:: Dataset records

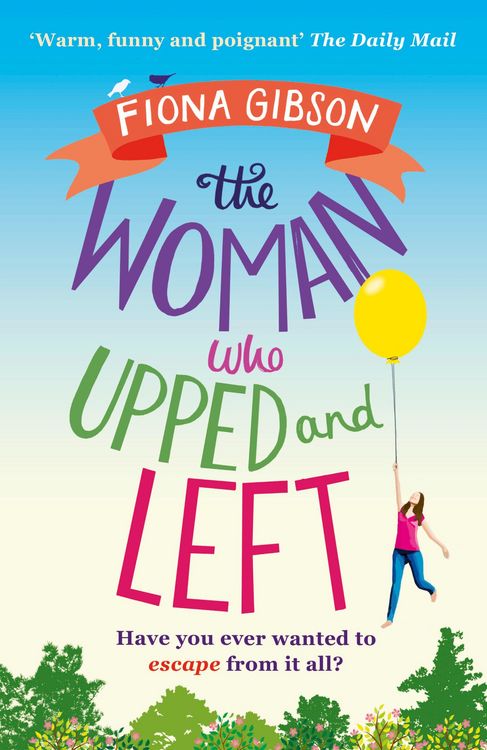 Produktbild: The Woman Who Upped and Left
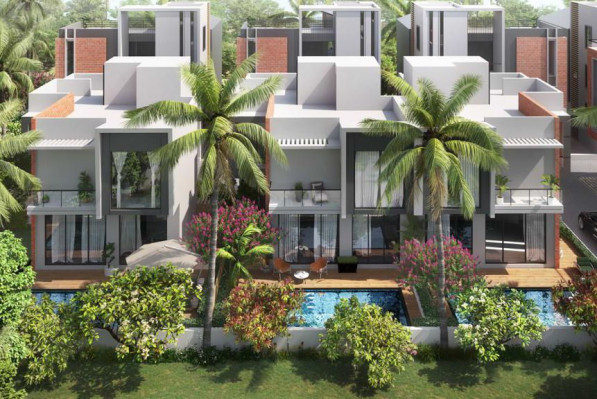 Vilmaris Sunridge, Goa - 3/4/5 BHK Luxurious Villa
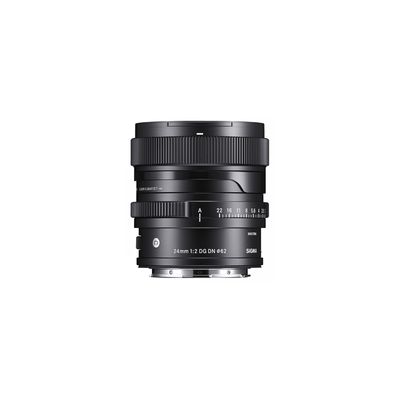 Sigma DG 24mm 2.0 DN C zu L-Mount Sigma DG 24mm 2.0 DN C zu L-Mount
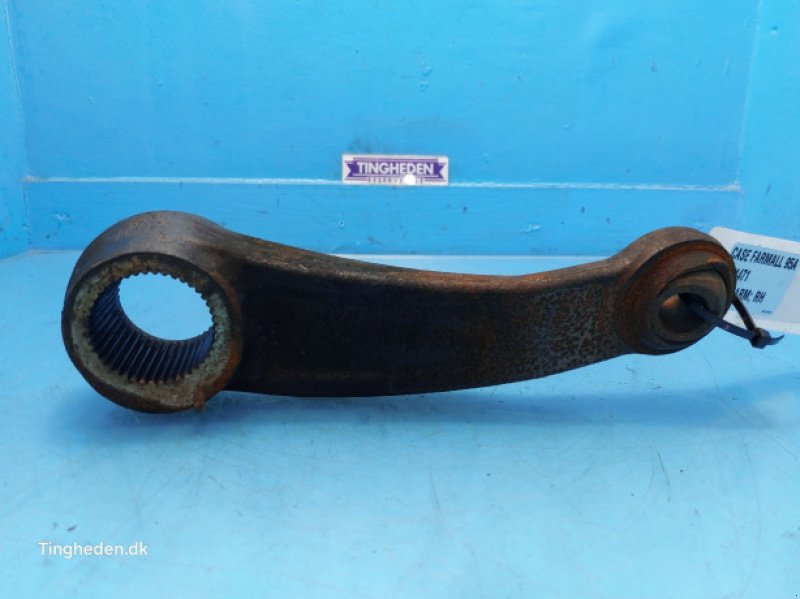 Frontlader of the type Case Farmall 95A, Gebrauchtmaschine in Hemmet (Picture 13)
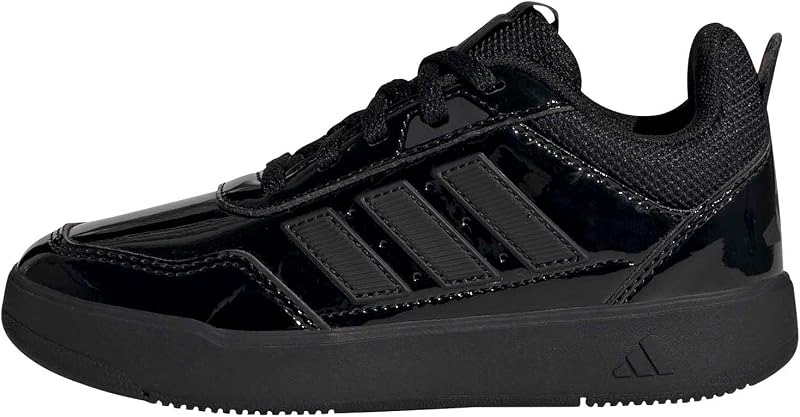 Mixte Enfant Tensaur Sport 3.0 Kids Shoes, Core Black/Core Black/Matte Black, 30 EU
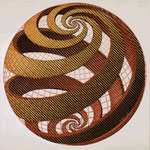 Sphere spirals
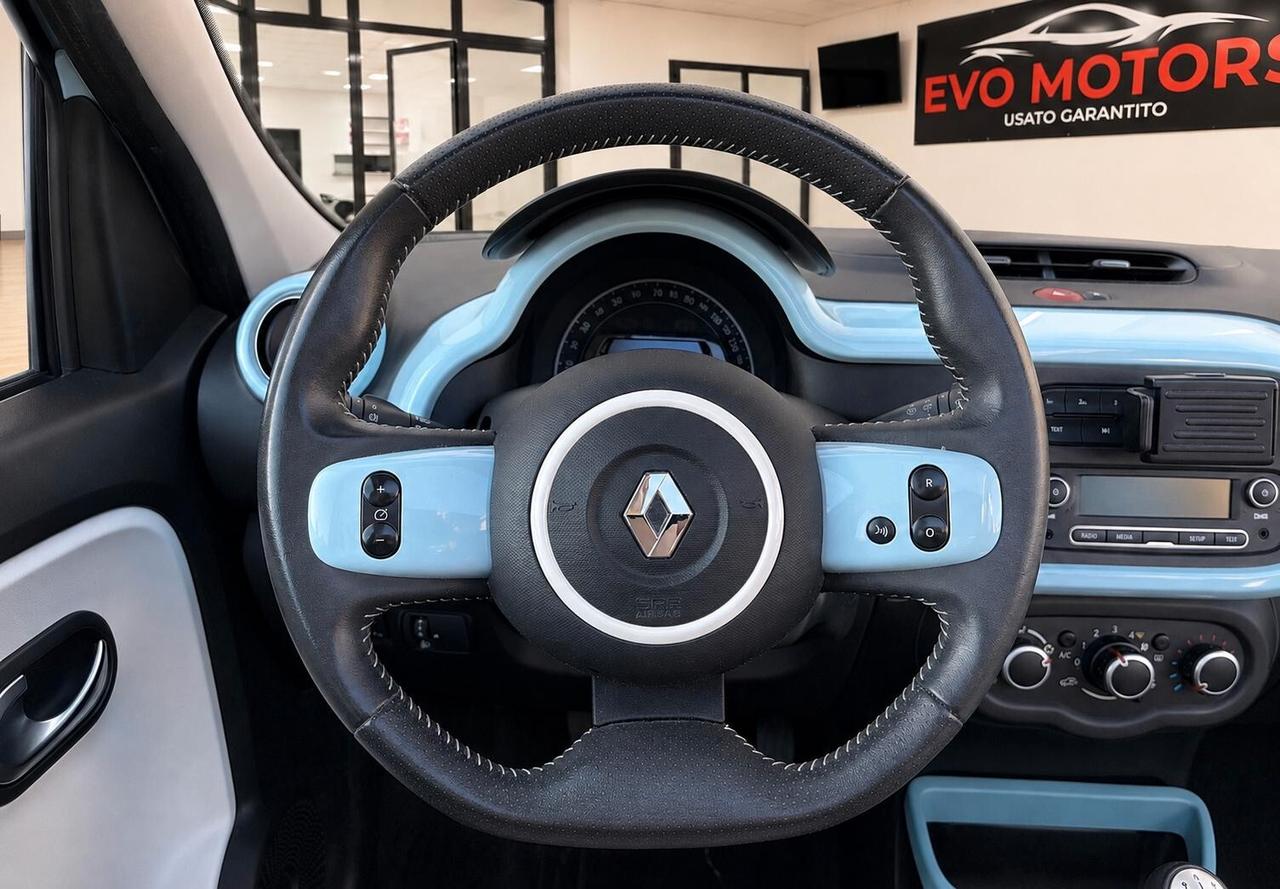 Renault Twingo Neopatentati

::::

▸ **What you need to do**: Exactly the lines from the one containing "Sigma DG 24mm 2.0 DN C zu L-Mount Sigma" to the final line of the entries are wanted; please write them out, both ends included, but not the pictures.

▸ **Output of the task**:
 Sigma DG 24mm 2.0 DN C zu L-Mount Sigma DG 24mm 2.0 DN C zu L-Mount
 Frontlader of the type Case Farmall 95A, Gebrauchtmaschine in Hemmet (Picture 13)
 Mixte Enfant Tensaur Sport 3.0 Kids Shoes, Core Black/Core Black/Matte Black, 30 EU
 Sphere spirals
 Renault Twingo Neopatentati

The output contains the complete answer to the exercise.